L'indemnisation des séquelles neurologiques
Les séquelles neurologiques résultant d'erreurs en neurochirurgie figurent parmi les préjudices les plus lourdement indemnisés en droit médical. La paraplégie ou la tétraplégie consécutive à une lésion médullaire peropératoire entraîne une indemnisation pouvant dépasser plusieurs millions d'euros, incluant l'assistance par tierce personne à vie, l'aménagement du logement, l'adaptation du véhicule, les frais de matériel médical et la perte totale de revenus professionnels. L'hémiplégie résultant d'une lésion cérébrale peropératoire ou d'un retard de prise en charge d'un hématome intracranien est indemnisée selon les mêmes principes, avec un taux de déficit fonctionnel permanent très élevé. Les atteintes cognitives, les troubles du langage et les troubles visuels consécutifs à une chirurgie cérébrale sont évalués par des bilans neuropsychologiques détaillés et ouvrent droit à une indemnisation du déficit fonctionnel, du préjudice professionnel et du préjudice d'agrément. Les douleurs neuropathiques chroniques, séquelle fréquente des lésions nerveuses, sont évaluées au titre des souffrances endurées et du déficit fonctionnel permanent. Leur traitement au long cours est pris en charge au titre des frais futurs. Le préjudice psychologique lié à la perte d'autonomie et au changement radical de mode de vie fait l'objet d'une évaluation et d'une indemnisation spécifiques.
Questions frequentes
Le neurochirurgien a opéré le mauvais niveau de ma colonne vertébrale. Quels sont mes recours ?
L'erreur de niveau opératoire est une faute inexcusable qui engage automatiquement la responsabilité du chirurgien. Le repérage radiologique peropératoire est obligatoire pour prévenir cette erreur. Vous devez récupérer votre dossier médical complet et consulter un avocat spécialisé. L'indemnisation couvrira l'intervention inutile subie et ses conséquences, ainsi que le préjudice lié au retard de traitement de la pathologie initiale.

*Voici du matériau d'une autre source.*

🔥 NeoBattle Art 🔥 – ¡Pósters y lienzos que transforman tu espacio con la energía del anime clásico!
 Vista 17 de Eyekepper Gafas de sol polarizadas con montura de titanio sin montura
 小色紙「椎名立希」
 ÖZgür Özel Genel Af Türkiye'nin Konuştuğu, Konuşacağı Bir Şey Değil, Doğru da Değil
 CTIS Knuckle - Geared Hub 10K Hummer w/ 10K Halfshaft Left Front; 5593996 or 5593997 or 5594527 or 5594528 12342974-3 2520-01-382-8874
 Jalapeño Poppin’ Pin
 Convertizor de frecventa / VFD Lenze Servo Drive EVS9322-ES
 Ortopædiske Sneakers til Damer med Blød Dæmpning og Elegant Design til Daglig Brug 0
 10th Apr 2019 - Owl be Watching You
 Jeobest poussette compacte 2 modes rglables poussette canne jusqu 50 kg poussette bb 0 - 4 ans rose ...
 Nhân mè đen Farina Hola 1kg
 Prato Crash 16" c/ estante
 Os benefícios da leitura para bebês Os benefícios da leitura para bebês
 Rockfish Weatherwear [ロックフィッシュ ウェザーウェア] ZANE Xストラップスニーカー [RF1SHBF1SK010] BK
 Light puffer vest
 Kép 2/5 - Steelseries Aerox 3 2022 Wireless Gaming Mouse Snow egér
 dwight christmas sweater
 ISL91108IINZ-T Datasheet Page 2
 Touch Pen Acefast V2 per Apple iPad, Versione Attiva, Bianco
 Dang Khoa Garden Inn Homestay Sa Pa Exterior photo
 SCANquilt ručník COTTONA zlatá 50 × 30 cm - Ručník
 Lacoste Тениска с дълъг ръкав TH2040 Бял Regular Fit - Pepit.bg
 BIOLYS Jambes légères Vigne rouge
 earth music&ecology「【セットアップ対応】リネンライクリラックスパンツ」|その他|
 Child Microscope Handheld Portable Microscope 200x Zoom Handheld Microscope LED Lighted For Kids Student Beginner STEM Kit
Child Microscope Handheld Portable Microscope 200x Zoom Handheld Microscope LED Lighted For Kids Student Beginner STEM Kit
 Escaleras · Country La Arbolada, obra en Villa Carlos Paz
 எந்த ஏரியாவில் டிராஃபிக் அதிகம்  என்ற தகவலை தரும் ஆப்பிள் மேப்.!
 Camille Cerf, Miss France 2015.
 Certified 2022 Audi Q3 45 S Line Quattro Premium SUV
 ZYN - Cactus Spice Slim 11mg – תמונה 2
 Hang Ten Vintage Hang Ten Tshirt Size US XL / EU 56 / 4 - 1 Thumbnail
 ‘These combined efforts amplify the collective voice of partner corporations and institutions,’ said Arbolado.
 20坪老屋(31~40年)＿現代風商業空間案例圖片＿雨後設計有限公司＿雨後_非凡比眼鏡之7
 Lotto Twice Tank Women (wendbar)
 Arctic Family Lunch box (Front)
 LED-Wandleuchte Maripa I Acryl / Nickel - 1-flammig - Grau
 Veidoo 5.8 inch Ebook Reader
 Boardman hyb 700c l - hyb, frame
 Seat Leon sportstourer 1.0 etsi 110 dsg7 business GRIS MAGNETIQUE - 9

J'ai une paralysie partielle après une chirurgie de hernie discale. Est-ce une faute ?
Un déficit neurologique postopératoire n'est pas systématiquement une faute, car certains risques sont inhérents à la chirurgie rachidienne. Toutefois, si le déficit résulte d'un geste technique inapproprié, d'un défaut de contrôle peropératoire ou d'une complication non détectée à temps, la responsabilité du chirurgien est engagée. Une expertise neurochirurgicale est nécessaire pour trancher.
Le retard de prise en charge d'un hématome cérébral engage-t-il la responsabilité de l'hôpital ?
Oui, l'hématome cérébral est une urgence neurochirurgicale dont le retard de diagnostic ou de traitement aggrave considérablement le pronostic neurologique. L'établissement est responsable de l'organisation de la permanence neurochirurgicale et de la disponibilité du bloc opératoire en urgence. Le retard de prise en charge engage sa responsabilité.